ASSIGNMENT:
Pictures excluded, set down exactly the lines from the one containing "Hyundai Solaris с" through the final line of the material, and only those.

DATA BELOW:
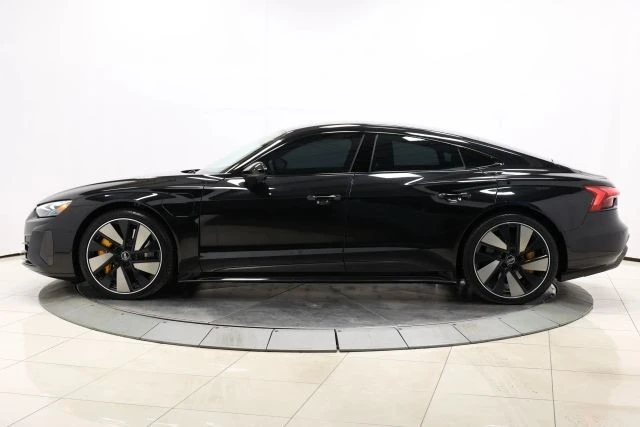 2022 Audi e-tron GT - Image 9 of 21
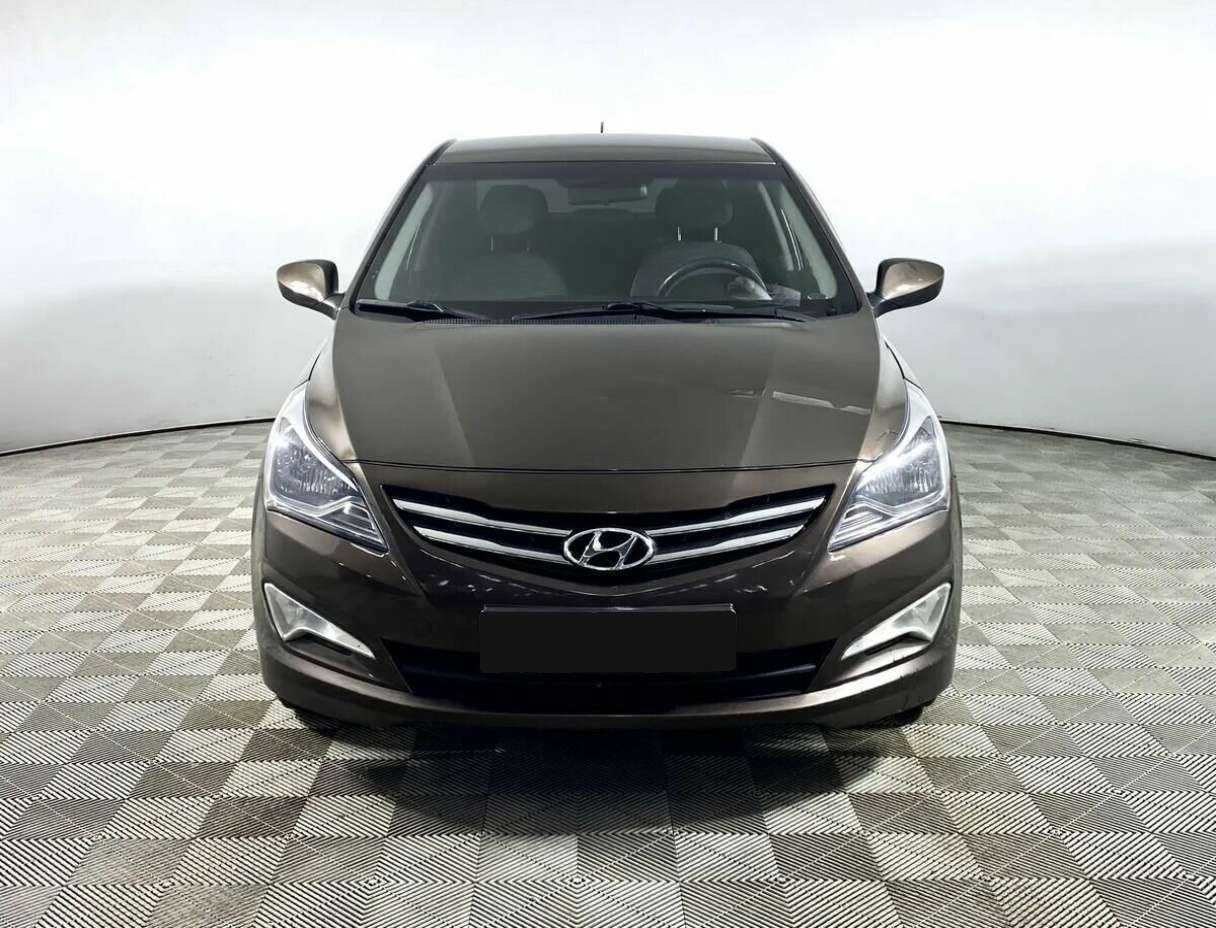 Hyundai Solaris с пробегом — 2016 год. Фото: #1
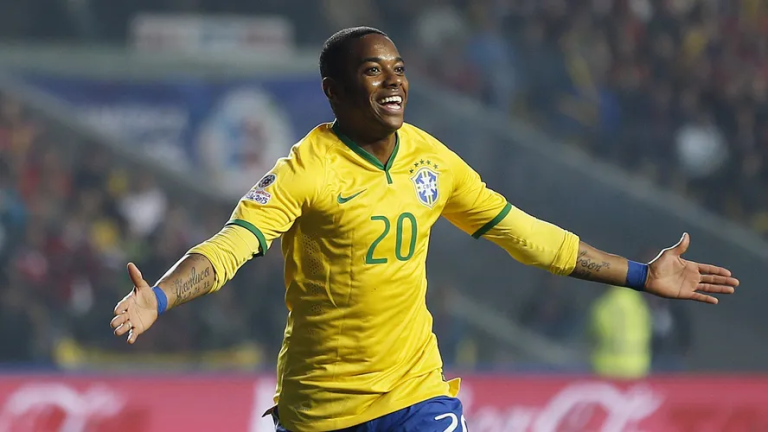 Robinho alega racismo em condenação na Itália e nega estupro
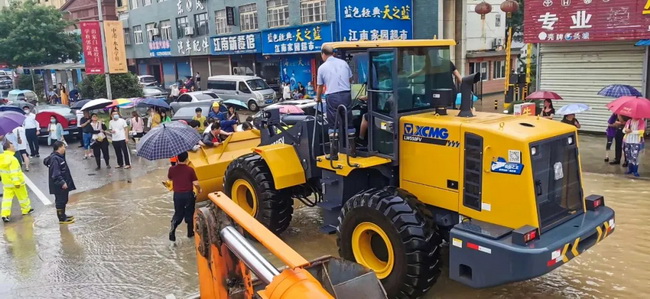 半岛平台LW550FV装载机帮助学生参加高考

OUTPUT BELOW:
 Hyundai Solaris с пробегом — 2016 год. Фото: #1
 Robinho alega racismo em condenação na Itália e nega estupro
 半岛平台LW550FV装载机帮助学生参加高考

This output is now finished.